Pesatnya
tingkat transformasi digital mengakibatkan implementasi infrastruktur jaringan
meningkat tajam, baik yang diketahui maupun tidak, yang turut mendorong
kompleksitas lingkungan keamanan siber.
Paparan pada aset yang berkontak langsung dengan publik dapat menyebabkan
potensi dan peluang menjadi korban serangan, dibanding serangan yang sengaja
ditargetkan.
Palo Alto Networks menganalisis sejumlah besar data berukuran hingga beberapa
petabyte tentang paparan yang dapat diakses internet di 250 organisasi di
seluruh dunia, antara tahun 2022 s.d. 2023.
Laporan Unit 42 Attack Surface
Threat Report 2023 mengungkapkan bahwa penjahat dunia maya mengeksploitasi
sejumlah kerentanan baru dalam beberapa jam setelah diumumkan ke publik.
Ditemukan juga fakta bahwa sejumlah organisasi turut merasa kesulitan untuk
menghalau potensi serangan yang muncul dengan kecepatan dan skala yang tepat,
demi memerangi otomatisasi pelaku ancaman.
Sebagian besar risiko ancaman keamanan yang ditemukan di lingkup layanan cloud
mencapai 80%, berbanding jauh dengan ancaman yang terjadi di lingkup on-premise
(hanya sebesar 19%).
Infrastruktur IT berbasis cloud selalu terus berkembang, mengalami tingkat
perubahan lebih dari 20% pada setiap industri, setiap bulannya.
Bagi sebagian besar organisasi, terdapat lebih dari 45% ancaman berisiko tinggi
berbasis cloud setiap bulannya, yang disebabkan oleh adanya perubahan
terus-menerus pada layanan berbasis cloud yang baru beroperasi secara online
dan perubahan pada model layanan lama.
Lebih dari 75% paparan ancaman terhadap infrastruktur sofrware development yang
dapat diakses oleh umum ditemukan di cloud.
Penyerang modern memiliki kemampuan untuk memindai seluruh ruang lingkup area
alamat IPv4 (berisi lebih dari 4 miliar alamat IP) untuk menemukan target yang
rentan dalam hitungan menit.
Dari 30 Kerentanan dan Ancaman Umum (Common Vulnerabilities and Exposrues /
CVE) yang dianalisis, tiga di antaranya berhasil ditembus dalam waktu beberapa
jam setelah diekspos ke publik, dan sebanyak 63% berhasil ditembus dalam waktu
12 minggu (sekitar 3 bulan) setelah dipublikasikan.

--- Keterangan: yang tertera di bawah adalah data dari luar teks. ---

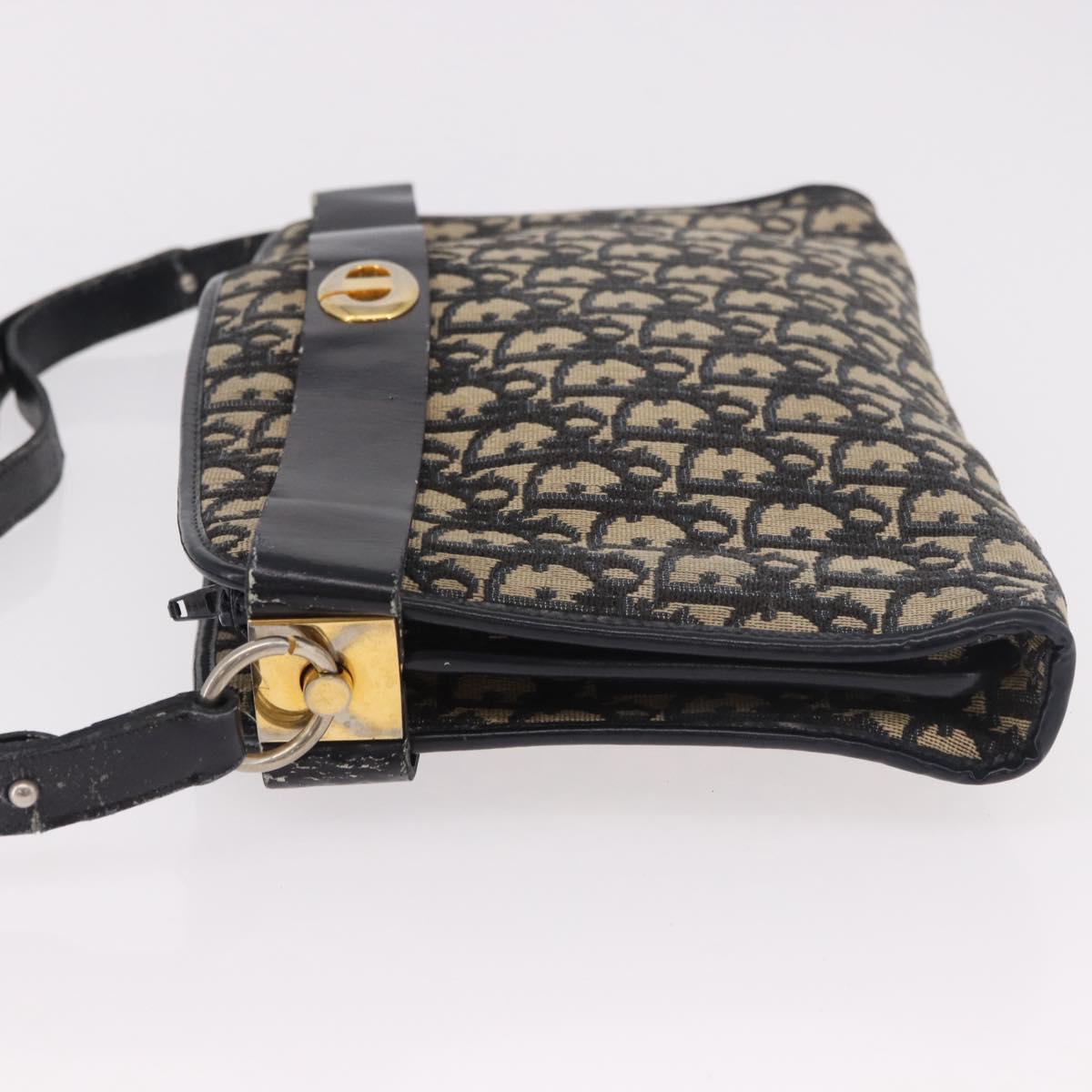 Christian Dior Trotter Canvas Shoulder Bag Navy Gold Auth 182609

Lebih dari 85% organisasi yang kami survei memiliki alat Remote Desktop
Protocol (RDP) yang terhubung dengan internet setidaknya selama 25% dalam
sebulan. Delapan dari sembilan industri yang disurvei oleh Unit 42 memiliki RDP
yang dapat diakses melalui internet yang rawan terhadap serangan brute-force
selama setidaknya 25% dalam sebulan.
Rata-rata industri jasa keuangan dan organisasi pemerintahan pusat maupun
daerah memiliki ancaman RDP di sepanjang bulan.

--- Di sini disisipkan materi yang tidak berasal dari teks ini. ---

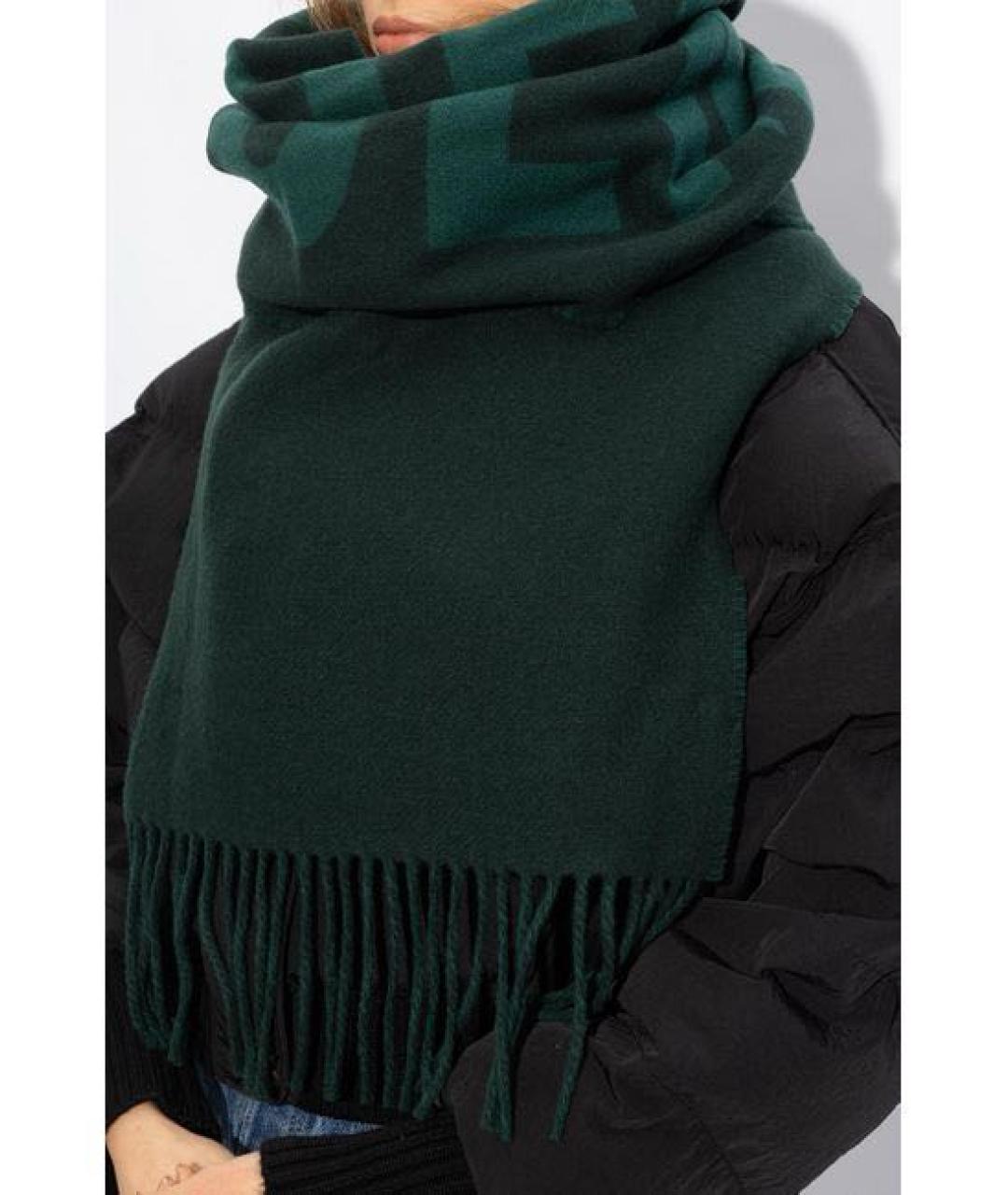JACQUEMUS Зеленый шерстяной шарф, фото 5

Dalam hal potensi kemungkinan terhadap ancaman, infrastruktur IT, keamanan, dan
jaringan industri manufaktur menempati peringkat pertama (48%), yang dapat
mengakibatkan risiko penurunan produksi dan pendapatan. Lembaga keuangan paling
rentan terpapar melalui layanan file-sharing (38%).
Bagi pemerintah pusat, sistem manajemen file-sharing dan pusat penyimpanan data
yang tidak aman merupakan salah satu risiko ancaman serangan permukaan yang
paling signifikan. Metode ini menyumbang lebih dari 46% dari seluruh risiko
ancaman yang ada pada organisasi pemerintah pusat pada umumnya.

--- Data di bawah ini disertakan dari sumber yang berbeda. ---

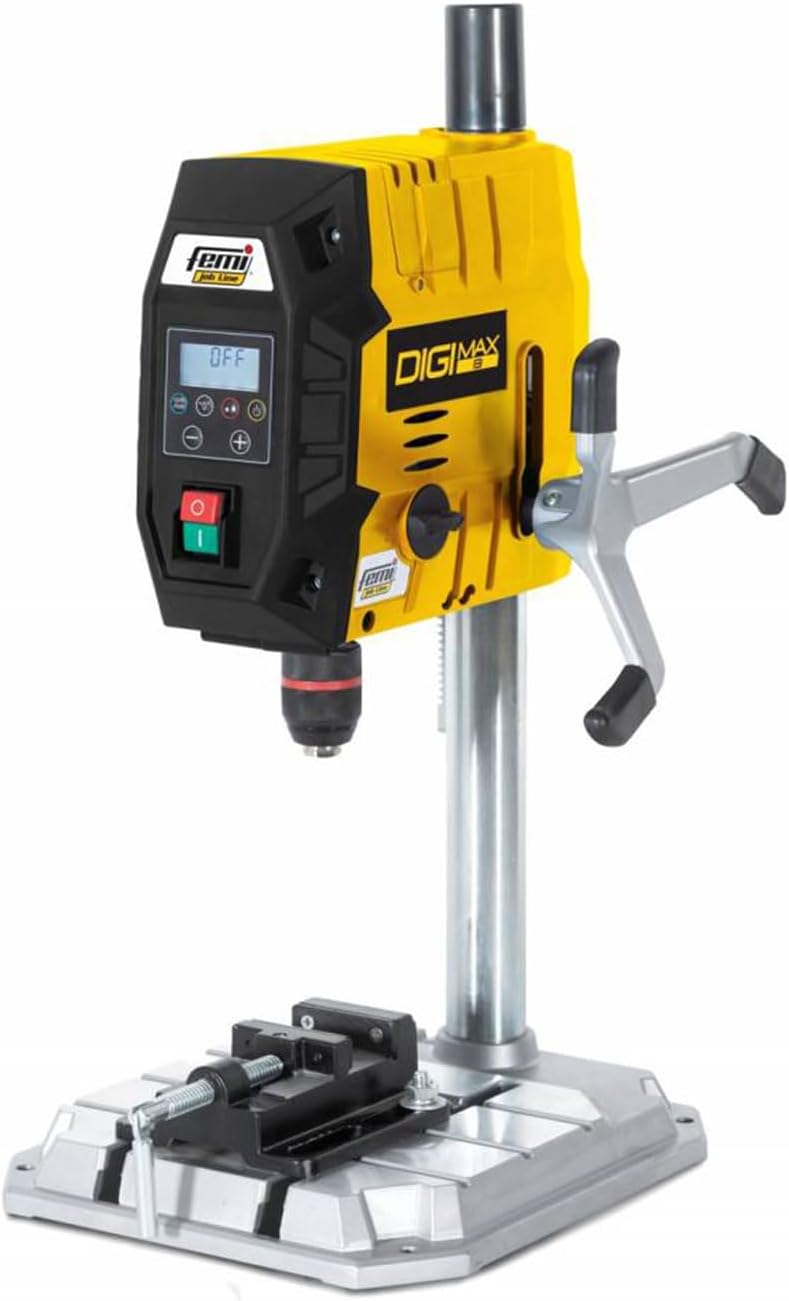 FEMI JOB LINE FM-DIGIMAX13 - Perceuse à Colonne Digitale 13mm - Moteur 720W - Vitesse Électronique 220-2550tr/min - Laser Classe 2 - Table 340x300mm - Étau Inclus-Doviaastudio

Di organisasi kesehatan, sekitar 56% dari ekosistem pengembangan yang terpapar
ke publik sering kali tidak terkonfigurasi dengan baik dan rawan mengalami
serangan.
Sedangkan untuk sektor utilitas dan energi, pusat kendali infrastruktur IT yang
terhubung dengan internet menyumbang 47% dari total ancaman paparan.
Berdasarkan laporan dan data yang disebutkan di atas, Palo Alto Networks
menganjurkan sejumlah rekomendasi bagi pemain industri, antara lain:
Pertama, memperoleh visibilitas menyeluruh pada seluruh aset: Menjamin
pemahaman yang mendalam dan real-time terhadap seluruh aset yang dapat diakses
melalui internet, termasuk sistem dan layanan berbasis cloud.
Kedua, mengutamakan pemulihan: Memfokuskan perhatian pada pemulihan kerentanan
dan ancaman kerentanan yang paling kritis berdasarkan CVSS (Sistem Penilaian
Kerentanan Umum) dan EPSS (Sistem Penilaian Prediksi Serangan).
Ketiga, mengamankan layanan akses jarak jauh: Menerapkan autentikasi
multifaktor (MFA) serta memantau seluruh layanan akses jarak jauh untuk
mengetahui pertanda keberadaan akses yang tidak sah atau serangan brute force.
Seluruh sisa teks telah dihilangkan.